Antonia arriva à la pointe de Galata, l’esprit charmé de ces scènes agréables. Ses grands yeux noirs semblaient animés de toutes les gaietés de la nature. Elle trouva au rendez-vous quelques dames grecques et Mme Kelner. Les hommes étaient en plus grand nombre. Les deux pachas de Varna, l’un, Hassan, le gouverneur civil, bouffi et obèse comme un poussah, l’autre. Islam, le gouverneur militaire, décharné et poitrinaire, tous deux accroupis sur un tapis, jouaient au trictrac et fumaient des cigarettes dans des bouts d’ambre avec cette lenteur grave qui est particulière aux Orientaux. Spentley et Nourakof s’étaient approchés d’Antonia, et tous trois formaient un groupe. Le Russe regardait les pachas, sentant quelque amertume quand il songeait qu’il était leur prisonnier. Le reste des invités, quelques consuls, Kuhman, Kelner et autres, se livraient à diverses récréations.
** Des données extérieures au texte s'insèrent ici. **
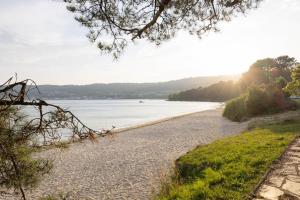 a sandy beach next to a body of water at Casa Soledá e Pepa in Outes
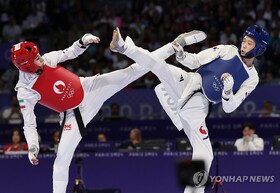 پیروزی ناهید کیانی مقابل اوکراین در تکواندوی قهرمانی جهان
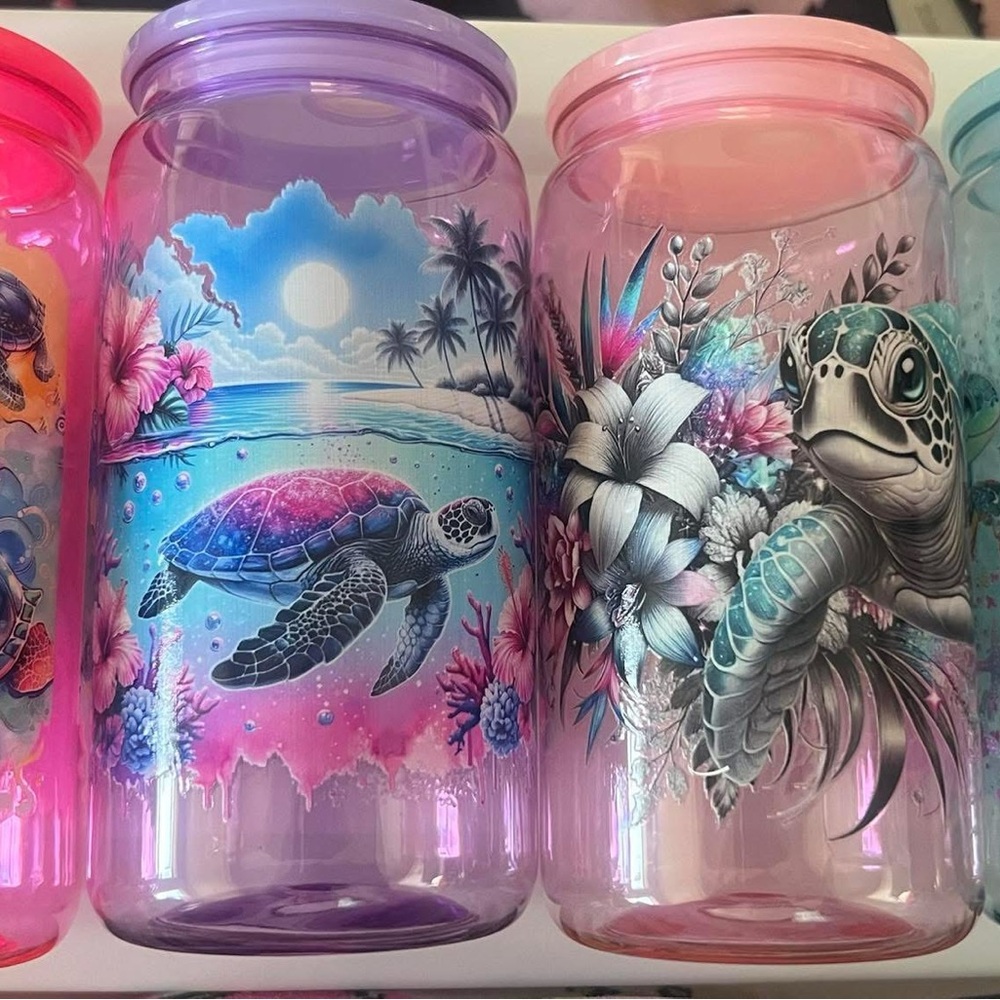 Colorful Turtle Design Tumblers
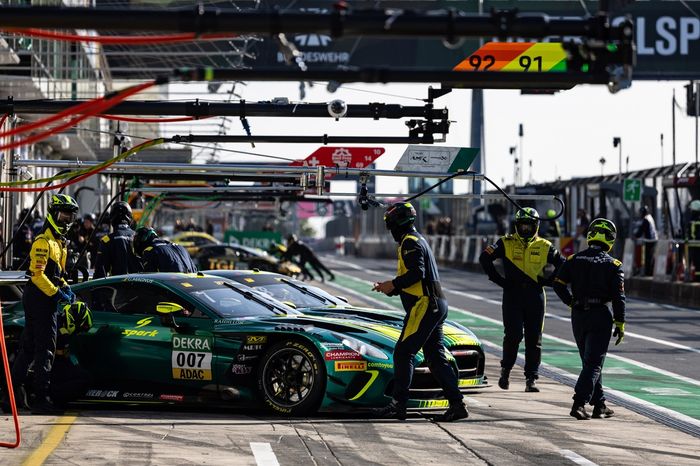 Gilles Magnus, Comtoyou Racing Aston Martin Vantage GT3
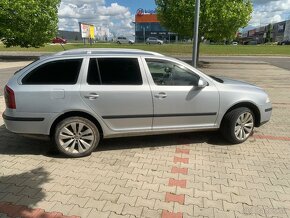 Škoda octavia 2 combi DSG - 4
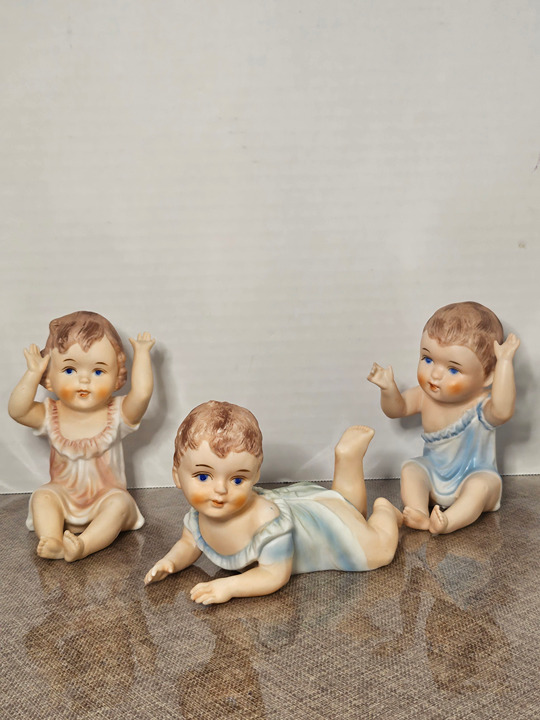 Vintage 1950s Porcelain Piano Babies Set Of 3 Great Condition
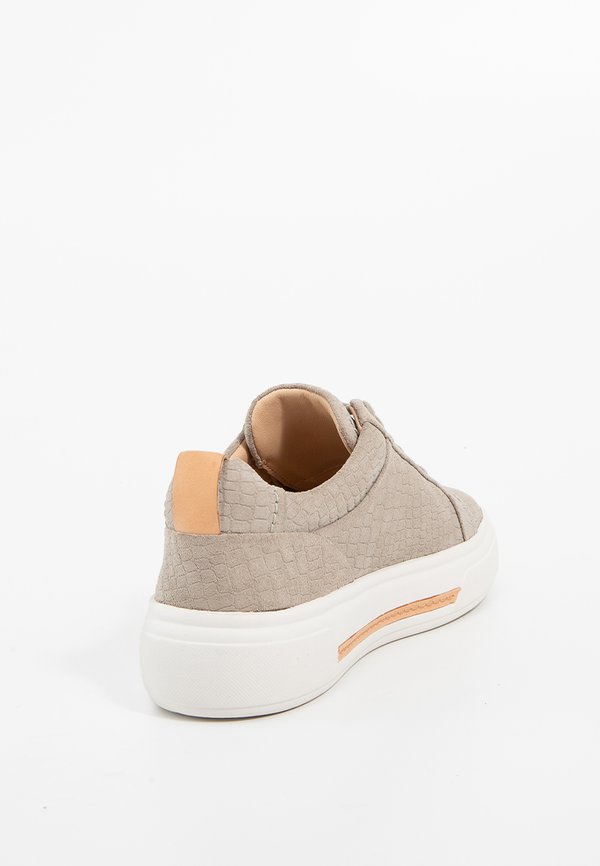 Clarks HOLLYHOCK WALK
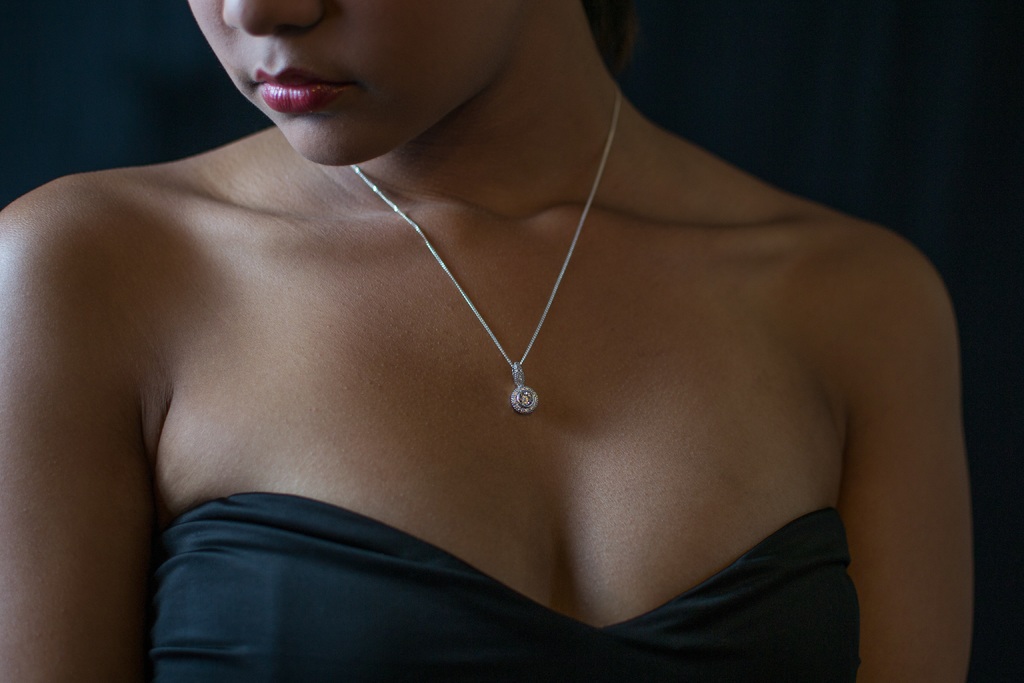 What are the different diamond shapes and styles?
Les serviteurs eux-mêmes, réunis autour des fourneaux improvisés, participaient à la bonne humeur des maîtres. Ils se traitaient mutuellement de banabac et de didou[3]. Ils échangeaient des

  1. Voitures.
  2. Impur.
  3. Nos soldats avaient remarqué que les Turcs se disaient à chaque instant : banabac, qui est une expression destinée à appeler l’attention ; littéralement bac, regarde, bana. vers moi. Ils en avaient fait un mot dont ils se servaient pour désigner les indigènes et qu’ils déclinaient : un banabac, des banabacs. Par une réciprocité fortuite, les Turcs avaient été frappés du mot dis donc, dont nous faisons, à ce qu’il parait, un usage continuel, et qui correspond à peu près à banabac. De leur côté, ils disaient un dis donc (prononcez didou) pour indiquer un Français. Ils en étaient venus même à désigner sous ce nom nos pièces d’or qui circulaient abondamment dans le pays.